Aktuelle Rede von Angela Merkel: „Wir leben nicht in der Endphase der Pandemie“! Lockerungen machen ihr Sorgen!

In einer eindringlichen Rede hat die Bundesregierung, mit Angela Merkel an der Spitze, heute dweitere Maßnahmen besprochen. Angela Merkel erklärte vorab in einer vielbeachteten Rede, wie sie die aktuelle Lage sieht – und da schwingt eine Menge Sorge mit in den Worten der Kanzlerin!

Die Länder lockern „zu forsch“!

Das Angela Merkel nicht glücklich über die Handhabung der beschlossenen Maßnahmen ist, hat sie schon mehrfach klar gemacht.

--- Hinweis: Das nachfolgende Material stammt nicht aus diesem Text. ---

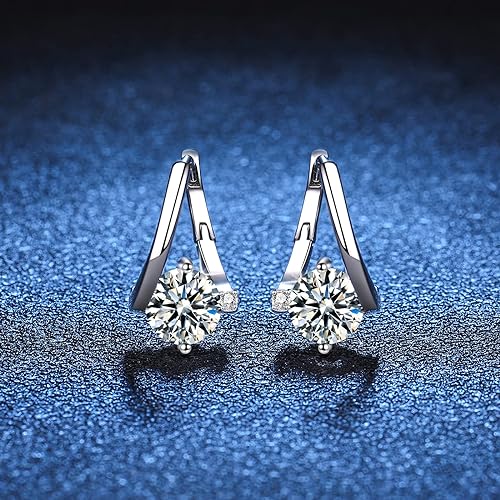 ONE PAIR: 925 Sterling Silver MOISSANITE HOOP Earrings HIGH QUALITY MOISSANITE DIAMOND Brilliant ROUND CUT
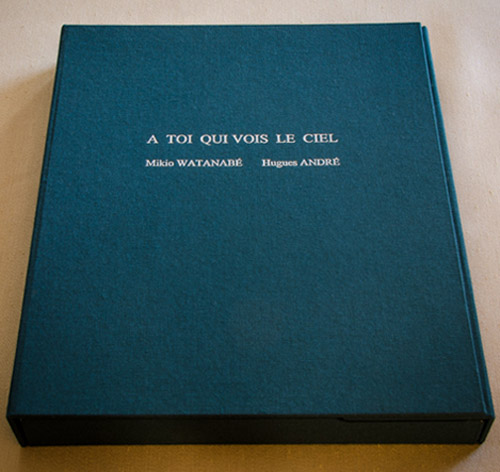This portfolio of five original mezzotints by Mikio Watanabe is presented in a linen covered box. Poetry by Hughes Andre, letterpress text is in French. Edition of 90 plus 15 artist proofs and 3 h.c.1998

Nun legt die Kanzlerin noch einmal nach – und zwar massiv! „Wir leben nicht in der Endphase der Pandemie“, sagte Merkel. Man stehe am Anfang. Deshalb seien die Einschränkungen weiter wichtig. Gleichzeitig kritisierte sie die Länder dafür, teilweise zu „forsch“ bei den Lockerungen vorzugehen. Merkel sagte: „Diese Pandemie ist eine demokratische Zumutung. Denn sie schränkt genau das ein, was unsere existenziellen Rechte und Bedürfnisse sind – die der Erwachsenen genauso wie die der Kinder.“

Einschränkungen tun weh, sind aber weiter Lebensnotwendig!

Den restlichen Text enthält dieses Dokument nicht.